Thirdly people are unsatisfied with the training available to them; seeing it as basic and very limited. Where people have been responsible and taken action by themselves to improve their chances of getting a job, such as volunteering, it is not being recognised. People should be able to have a say in what actions they take to find employment. We have noted the importance of co-design in our Deep Value report mentioned here before. This increases personal responsibility and removes the need for mandating people to do something.

We have asked the DWP for the research that has lead to the current policies on conditionality but it seems to be non existent. Hopefully this new report will allow for some evidence based policy making and recognise that sanctioning for the wrong reasons does not encourage compliance, nor in our view will it encourage responsibility.
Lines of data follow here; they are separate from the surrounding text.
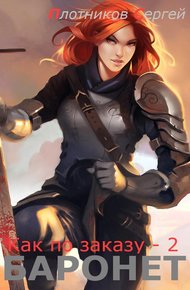 Обложка книги Баронет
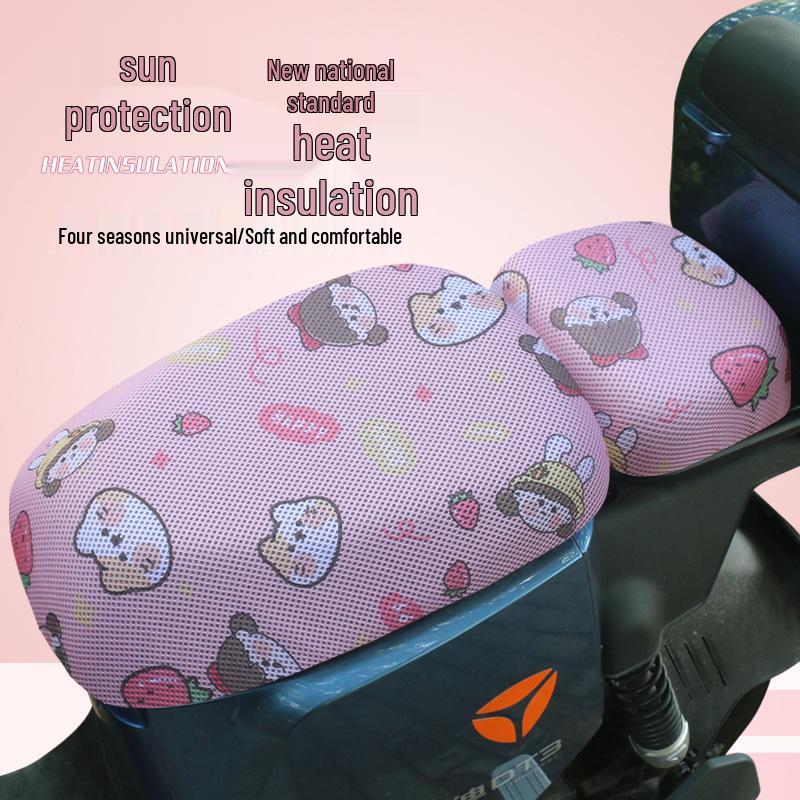 Universal Sun Protection & Breathable Electric Bicycle Seat Cover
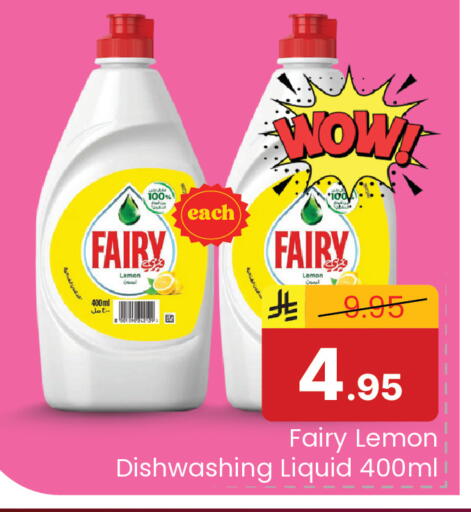 Lemon available at Elite 10 Hypermarket in KSA, Saudi Arabia, Saudi - Riyadh
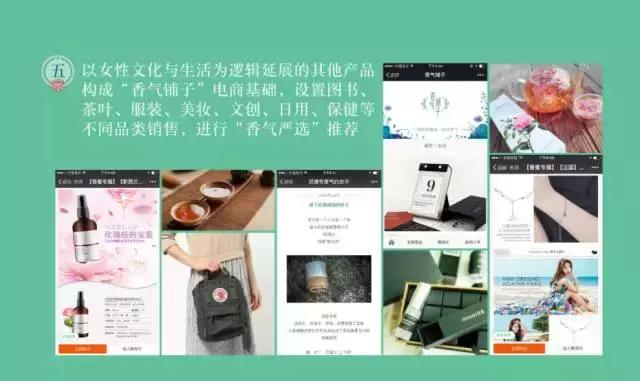 融资1500万,“灵魂有香气的女子”这一年做对了什么?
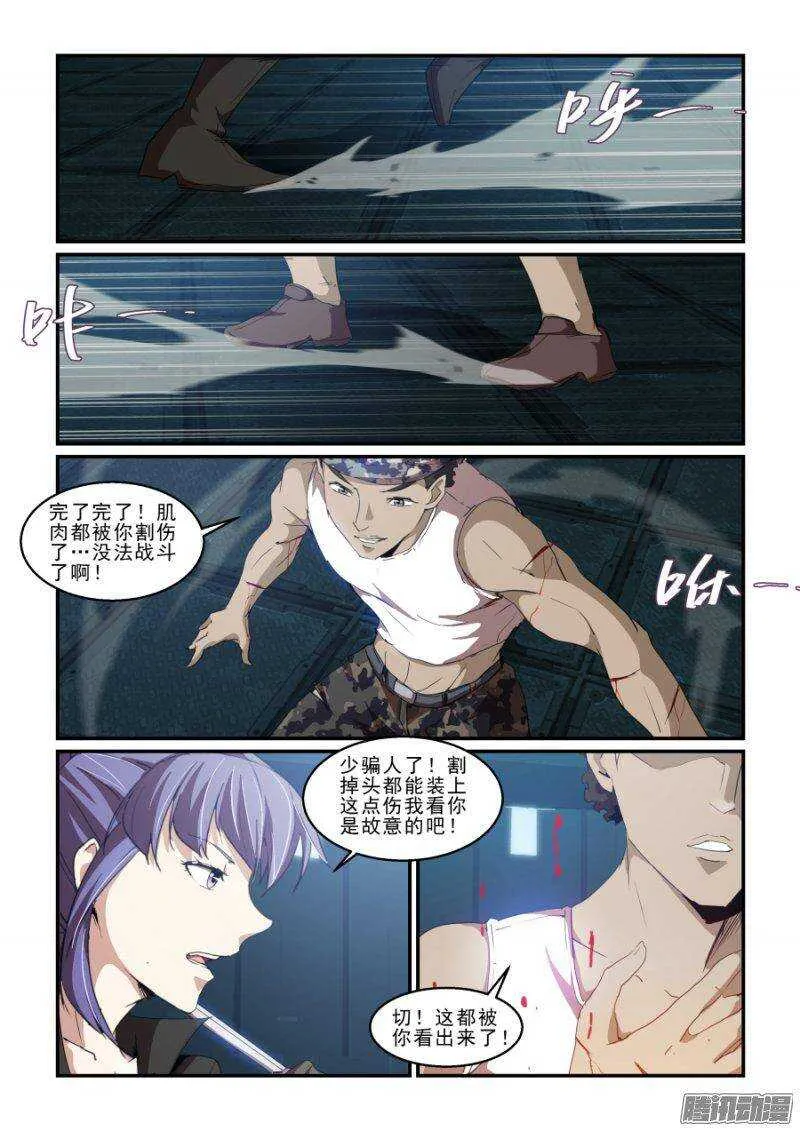 第二季34.分头作战 第8页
Is language the key to welfare reform

Friday, July 29th, 2011

Transforming welfare seems to be a never ending crusade for political parties and in this decade, more than ever before it is seen as a tool to reconnect to disconnected voters. For this reason the rhetoric is becoming all the more important. Take the recent piece in the Guardian from Liam Byrne MP about welfare and responsibility, or more to the point irresponsibility,  in attempts to rectify the ‘worst statistic for me was that nearly 60% of voters said Labour was not just a bit, but seriously, out of touch with the lives of ordinary working people’.

As I write David Cameron just sent through a bulletin saying that they are ’doing the right thing by decent, hard-working people. Nothing so undermined the value of responsibility in this country than the woeful welfare system allowed to spiral out of control by the last government.’

James Purnell appeared on BBC’s Newsnight on Wednesday saying that welfare reform is vital if Labour is to reconnect with voters; that the electorates have ‘fallen out of love with the welfare state’. It seems Labour is taking a view that welfare in the UK should have a strong contributionary principle behind it and there should be an end to ‘free allowance from the State’. One suggestion is that it should offer much better protection as well as demanding more from the individual.

Anne Begg MP, chair of the DWP select committee wrote a letter to the Minster for Employment this week  expressing serious concerns over the misrepresentation of benefit claimants who are going through a work capability assessment. Begg calls for Government to play a role in the media taking responsibility and counteract the negative stereotyping of claimants. Words like ‘scroungers’ being a much used description.

We have raised the point about language as part of our Working Age Poverty project last year; arguing that Government has a role to play here and to make sure policy is not shaped on the media language currently being used. When we talk to the DWP about supporting people back to work, we talk about helping them set their goals based on their aspirations as this forms a relationship that effectively supports them back into work, as evidenced in our Deep Value report. The term ‘learned helplessness’ has come up and often proves contentious amongst many organisations around the table. Labours welfare reform ideas are based around this term and to a degree there is some truth in that – it is very hard to be responsible for your own employment when the system to get you back into work is so prescriptive. But many of us work with people who have a huge amount of responsibility in other areas of their lives; caring for children on their own, keeping the family afloat with an incredibly small budget, keeping off the streets or supporting oneself through an illness or living independently with a disability.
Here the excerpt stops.